Cast: Christian Bale, Sam Worthington, Anton
Yelchin, Bryce Dallas Howard, Moon Bloodgood, Common
RunTime: 1 hr 56 mins
Released By: Columbia TriStar
Rating: PG (Intense Sequences and Some Violence)
Official Website: http://www.sonypictures.net/movies/terminatorsalvation/
Opening Day: 28 May 2009
In the highly anticipated new installment of "The Terminator" film franchise, set in post-apocalyptic 2018, Christian Bale stars as John Connor, the man fated to lead the human resistance against Skynet and its army of Terminators. But the future Connor was raised to believe in is altered in part by the appearance of Marcus Wright (Sam Worthington), a stranger whose last memory is of being on death row. Connor must decide whether Marcus has been sent from the future, or rescued from the past. As Skynet prepares its final onslaught, Connor and Marcus both embark on an odyssey that takes them into the heart of Skynet's operations, where they uncover the terrible secret behind the possible annihilation of mankind.
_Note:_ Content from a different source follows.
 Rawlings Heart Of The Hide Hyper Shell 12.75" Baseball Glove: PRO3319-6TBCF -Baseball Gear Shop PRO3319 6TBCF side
Salvation? That’s a lot to expect from the fourth addition into the Terminator franchise, the first without a certain T-800 and an actor whose name and face has practically become synonymous with the series. Yes, Schwarzenegger is notably absent- though fans need not fear, this film pays homage where homage is due.
Question is: who’s going to take over his place to save man from the machines? The answer, Terminator: Salvation would have you believe, is John Connor, the person whom the first terminator protected through Judgment Day and the Rise of the Machines. Connor is now very much grown up and has become the de facto leader of the Resistance. His voice can be heard over shortwave, reminding any humans out there in the post-apocalyptic wasteland that as long as they are alive, they are part of the resistance.
Christian Bale plays John Connor, the one many look up to as the saviour of the human race. Bale himself is also somewhat of a saviour- just last summer his moody, brooding portrayal of a troubled Bruce Wayne propelled the Batman franchise once thought to be well past its prime into the biggest hit of the year. It is little wonder then that the producers have decided to bank on Bale to do the same for Connor what he did with Wayne- Connor himself also a tortured soul, his life from birth an endless struggle against the killer androids.
But Bale’s growling whisper and intensely furrowed brow are sadly misplaced in a film that requires him to be the calm amidst the storm, not the storm itself. This is someone who is supposed to inspire and motivate not just his crew of soldiers, but also the rest of the resistance fighters scattered throughout the globe. Whereas Batman was a hero by himself, Connor is meant to be a leader of men- and Bale’s similar portrayal of both doesn’t do him, nor the film, justice.
Indeed, it’s somewhat surprising that a relatively unknown Australian actor Sam Worthington actually steals the thunder from under Bale’s feet. Worthington is death-row inmate Marcus Wright, who wakes up in 2018, fifteen years after his supposedly execution, to find himself in a world overtaken by Skynet and its band of deadly machines. Wright turns out to be the salvation this film needs, the hero that Connor was supposed to be but doesn’t.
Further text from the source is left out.